* [THE PROBLEM]:
Please give back, exactly as written, the lines from the line with "Kicks & Crawl" to the line with "Vintage Large Matte Gold Clip Ons" in the listing below, leaving out all pictures.

* [MATERIAL PROVIDED]:
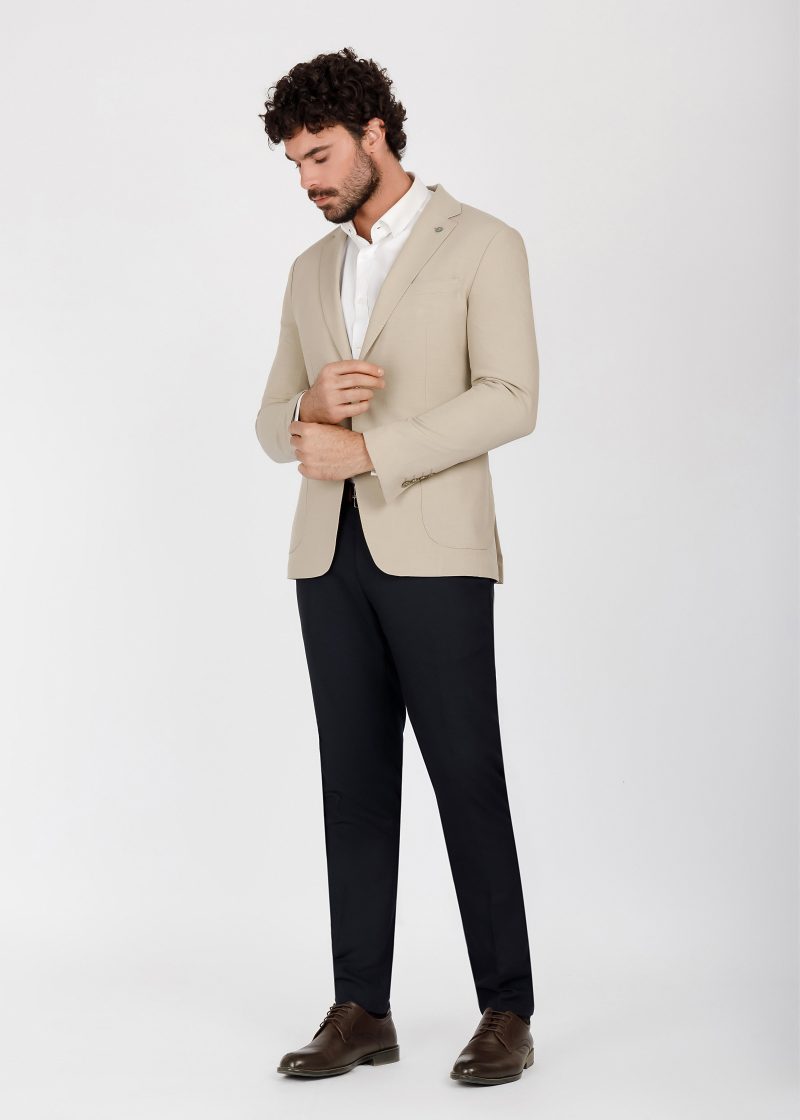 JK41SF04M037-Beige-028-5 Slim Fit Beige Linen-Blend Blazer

--

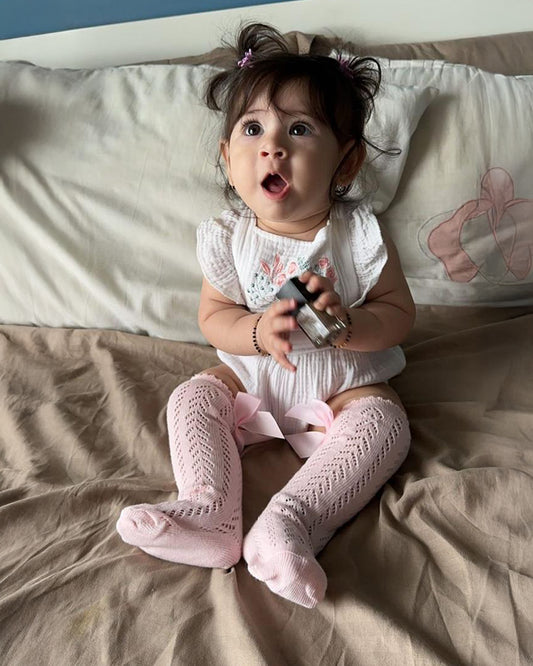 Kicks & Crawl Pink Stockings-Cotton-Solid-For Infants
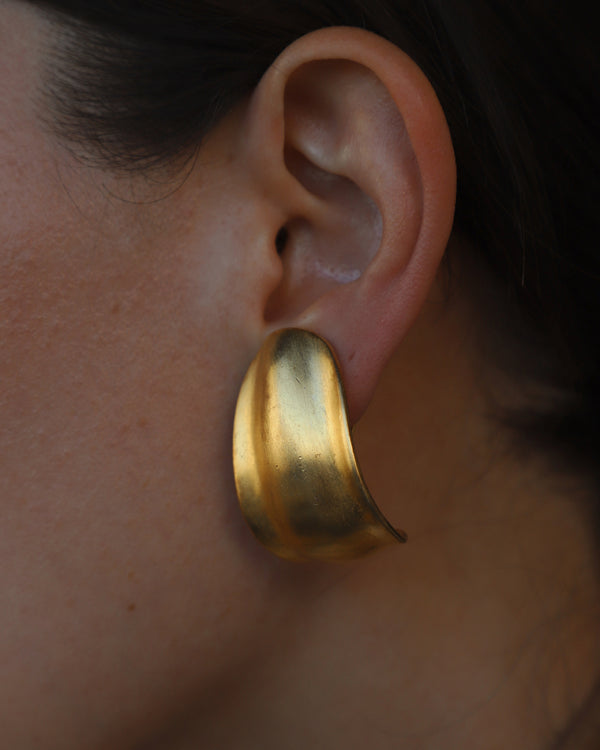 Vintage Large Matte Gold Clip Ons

* * *

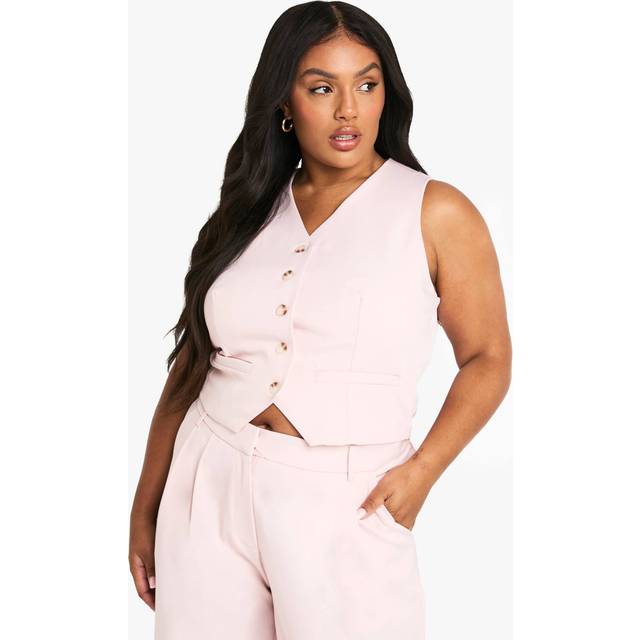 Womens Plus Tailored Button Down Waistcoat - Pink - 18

* [ANSWER BELOW]:
 Kicks & Crawl Pink Stockings-Cotton-Solid-For Infants
 Vintage Large Matte Gold Clip Ons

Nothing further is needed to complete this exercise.